Don’t get snarky. I think his point is you need to go higher as was originally said. Arguing the toss with the helpline and engineers who are just there to do a job isn’t going to get you anywhere. Simple fact is yes there could be a leak finishing at the isolation valve however it could be coming from anywhere above. Take what you’ve told us re time off work etc and multiple times where you’ve had to do things yourself and write to the CEO. I’d say for your time wasted they should be contributing to a new boiler or be resolving your issue. Be as blunt as that. They have entered into a contract with you and shouldn’t be allowed to cancel it without penalty
Contractually WB might well be in breach of their contract, especially
as they are actually involved in an on going dispute. Its like saying your car insurance is invalid because you have had a crash. go get them stay cool and WIN . keep us informed get someone else in
pay them and claim it back. ring trading standards you pay rates
Rob Foster aka centralheatking
 
Contractually WB might well be in breach of their contract, especially
as they are actually involved in an on going dispute. Its like saying your car insurance is invalid because you have had a crash. go get them stay cool and WIN . keep us informed get someone else in
pay them and claim it back. ring trading standards you pay rates
Rob Foster aka centralheatking
it would be good to get feed back...thats why we do,this
centralheatking
 
Thanks. I've drafted a letter to Martyn Bridges. Worcester Bosch came yesterday and I told him that the left isolation valve is still visibly leaking (even with new washer) and the new right one is also leaking (very strange but a tissue test showed it was). I asked him if he could put some thread seal in the new nut to stop it leaking. He replaced the old leaking left valve and put thread seals in both, he also said he changed a valve or something above the right isolation valve in case it was leaking down onto to it. He also used some joint sealer for pipes or something (can't recall what name he gave me). So he said they won't be leaking anymore (5th time lucky?!). Anyway this morning, before the heating came on, I tested both valves with tissue and they both seem to be dry. I'm hoping this will help the pressure drop problem. Although I'm not sure if it could account for a 0.2 bar pressure drop a week.
If the boiler is finally fixed and this works I will leave it, as they haven't charged me. But if the boiler still seems to be losing a lot of pressure (I may run another isolation test myself if needed) then I will send off the email to Martyn Bridges at Worcester Bosch. Because they should leave me with a working boiler and not a leaking one.
 
Thanks for the information. I've got a mixture of plastic and copper pipes. Upstairs where the boiler is mostly plastic. The boiler/ heating had been cold over night before running the isolation test so not cooling down. I thought it strange the boiler and radiator gauges have both dropped at almost the same rate, they are being tested separated with the boiler isolated from the radiators (valves turned to horizontal). Unless the valves leak inside which would explain the same pressure drop.
There is definitely moisture on the boiler valves though, could these account for a 0.15 bar pressure drop?
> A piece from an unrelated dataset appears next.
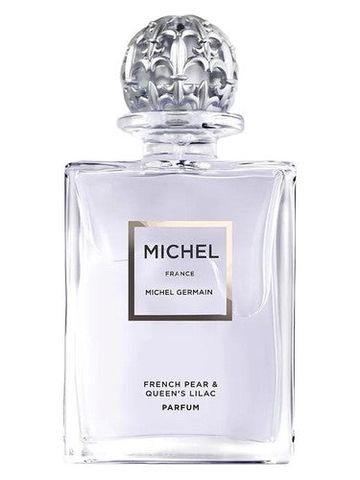 Michel Germain Michel - French Pear & Queen's Lilac fragrance bottle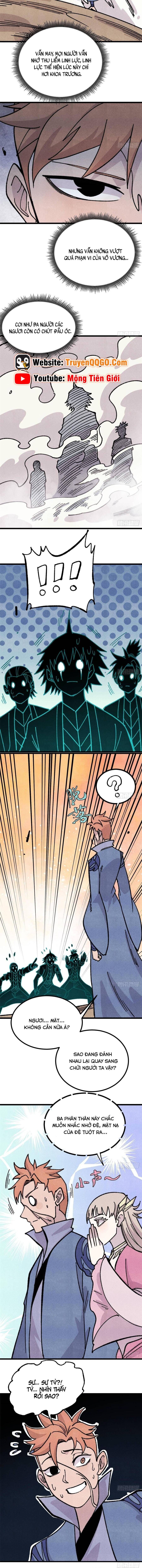 đọc truyện Vạn Cổ Tối Cường Tông Chương 464 ảnh 8 tại Thiên Thai Truyện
A 0.15 bar pressure drop isn't IMO just a drop of water from a boiler that's isolated.
If one assumes a 8 litre expansion vessel with a pre pressure of 0.5 bar and a filling (test) pressure of 2.0 bar, then the boiler will lose 0.21 litres of water. If the pre pressure above is 1.0 bar then the boiler will lose 0.28 litres of water for the same 0.15 bar pressure drop.
 
Yes this is what i've been worried about since as when I asked the last Worcester guy if those tiny valve leaks could have accounted for a 0.15 bar drop in the test he said in his opinion he thinks it could. Which mean't he knew a lot of other people would disagree. Those two valves only had a tiny drop of water on them. The expansion vessel was pressured to 1 bar. The water pressure was put to 2 bar for the test. The weird thing was both the boiler and the radiator gauge fell by 0.15 bar, even though the boiler was isolated. Because I was told 1 bar is like a coffee cup I was thinking 0.15 of a coffee cup is a lot more than a tiny drop with the boiler off (i.e. not evaporating). But everything has been replaced on the boiler that could leak, including the expansion vessel. But like an earlier member said 0.15 bar could be accounted for by a settling down pressure release within the expansion vessel (or within the plastic pipes for the radiators). The only other thing I can possibly think of if they have put in a faulty new heat exchanger or expansion vessel, but that is unlikely. Or is there a leak on my pipes? The Worcester Bosch man did say the isolation tests that i'd been doing weren't reliable because the isolation valves can leak inside so i'm really seeing a drop on my radiator system (but I don't know if he was fobbing me off and I thought his testing with large gauges was supposed to rule that out, hence the whole idea of it)
 
If the Bosch man suspected the boiler isolation valves then surely he could have bled a drop of water off the rads with isolation valves closed, if both pressure gauges then fell together then the isolation valve(s) are passing.
I think that you will have to get someone to rule the boiler in/out, but I can tell you that with a 1 bar pre pressure, and test pressure falling from 2 bar to 1.85 bar that a 6 Litre E.vessel will release 0.21 litres, a 8 litre; 0.28 litres & a 12 litre; 0.42 litres.
In one of your posts you said the pressure was falling 1 bar every 2 weeks, this relates to a leakage (somewhere) of 2.0, 2.67 or 4 litres respectively, boiler or system??.
 
Thanks John. Yes that is true! He could have tested the isolation valves that way.
After the initial works they did it was dropping a bar every 2 weeks. Several visits later and isolation valves tightened / auto airvent changed/ expansion vessel pressured from 0.4 bar to 1 bar it was more like 0.4 bar drop every 2 weeks or say a bar a month. So something dropped the rate of pressure loss by half. Since he was here 2 days ago the pressure gauge has gone from 1.5 to nearly 1.3. But he did warn me that there would be some air in the boiler so expect an initial loss. Because they say its got to be my pipes just before he left he said I should let it find its only pressure level, and let it go all the way down to 0.5 bar if necessary as that might stop the pipe leak (if there is one). But I don't really want to do that because that will take another 4 weeks and what happens if it drops lower than 0.5 bar then I have a problem. It will be too late to complain to Martyn Bridges by then.
I've turned my boiler off this morning and thinking of running another isolation test for 36 hours on the boiler. As any air should have autovented by now. Also with the two new islation valves I'm guessing they won't leak inside to the radiator pipes.
I will let you know what happens in 36 hours and if the boiler drops. My guess is that it will as I agree around 200ml of water is what must have leaked. But there is no pooling of water under the boiler. So what does that leave that could leak away from the boiler without me seeing? .... prv, expansion vessel or heat exchanger? All of which are new apparently.
 
Every time you do work on a boiler you allow air into the system. If you fully drain a boiler it can take a few weeks for it to settle back down again and get rid of all the air. So a 1.5-1.3 drop the day after they have carried out.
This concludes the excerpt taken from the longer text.